For the past two years, Black Lives Matter activists have sought to meet with Lacey in order to discuss her office’s failure to prosecute cops who kill civilians. Indeed, Lacey has been in office since 2012, during which time 500 people have been killed by law enforcement officers. Lacey has prosecuted only one case.
On Monday BLM activists set up chairs outside Lacey’s home and Abdullah and two other people rang the doorbell to again request a meeting. This request carried considerably more urgency than those in the past due to Tuesday’s (tomorrow’s) primary election in which Jackie Lacey is up for re-election.

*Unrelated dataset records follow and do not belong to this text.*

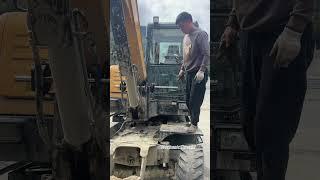 Repair of the boom base on a wheeled excavator.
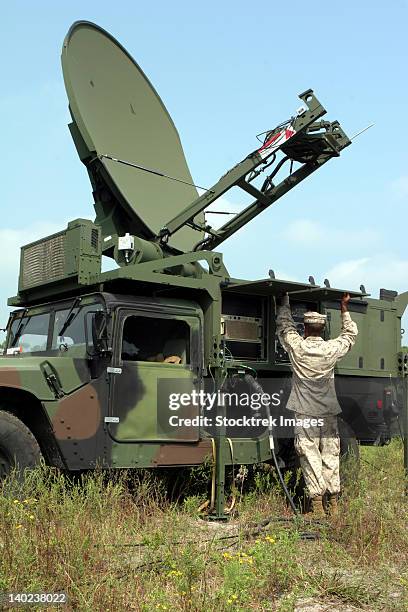 a satellite communications chief checks the phoenix communications system during a field-training exercise. - military communications stock pictures, royalty-free photos & images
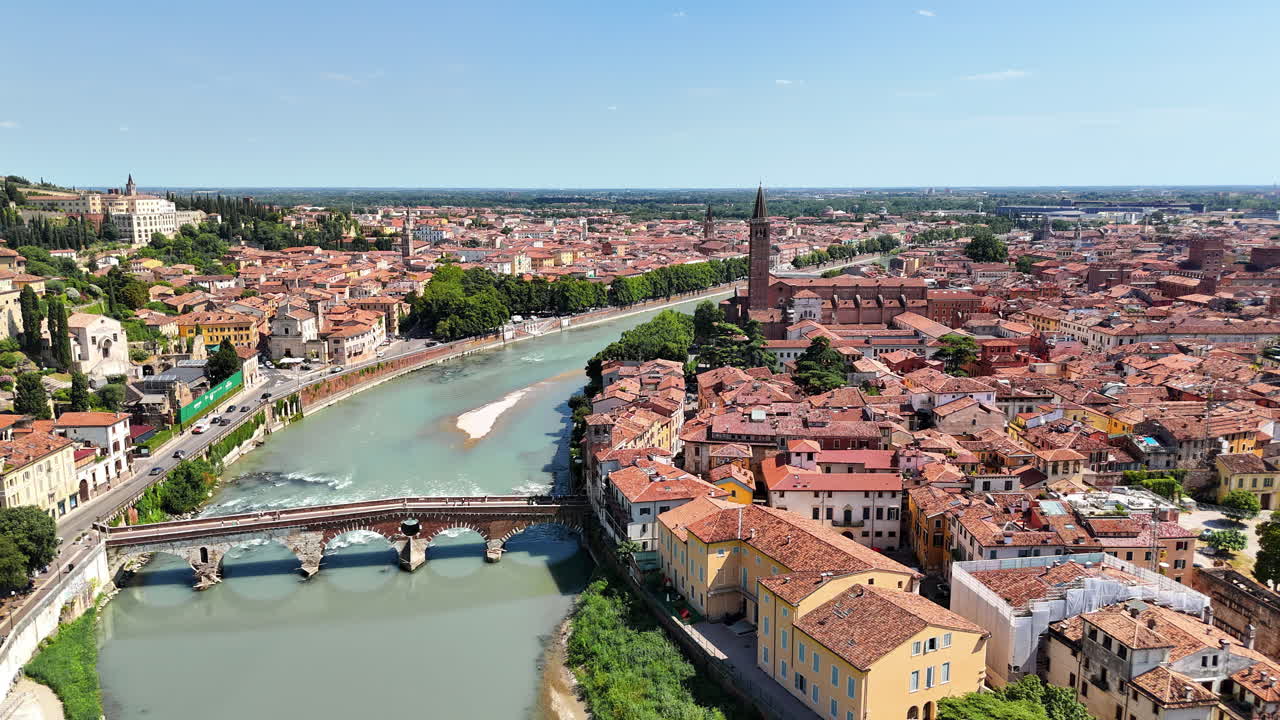 Aerial drone view of Verona's historic center with the Adige River winding through the city. A stone bridge crosses the river near terracotta rooftops and medieval towers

The Lacey house was equipped with a Ring camera, which enabled people inside to see who was at the door. Abdullah says that she thought she heard a gun being cocked inside the home, but dismissed that thought as paranoia.
Then David Lacey, the district attorney’s husband, swung open the door with a handgun in his right hand pointed at Abdullah. He ordered her to leave.
The video Abdullah posted on Twitter documenting this “event” may be viewed here.
After David Lacey retreated back into his home, the activists remained outside Lacey’s home for another two hours. They made speeches and chanted, “Jackie Lacey must go!” Or, “Jackie Lacey will go!”
Cops finally showed up, and cleared a path through the demonstrators and escorted Jackie Lacey out.
Kate Chatfield is the senior advisor for the Justice Collaborative for legislation and policy. In an email, Chatfield says that Lacey’s husband may have committed several felonies here, including making a criminal threat and assault with a firearm. She called both charges “serious felonies” or “strikes” under California’s three-strikes law.
When asked if she would file a police report on this matter, Abdullah essentially said such an act would be fruitless and futile because Jackie Lacey “protects the police and the police protect her.”
Lacey, a Democrat, ran unopposed for reelection in 2012. She faces two progressive challengers in Tuesday’s primary: George Gascón, who oversaw major police reforms as district attorney in San Francisco, and Rachel Rossi, a former public defender who also worked on criminal justice reform legislation in Congress.
The two candidates who receive the most votes in Tuesday’s primary will proceed to the general election in November.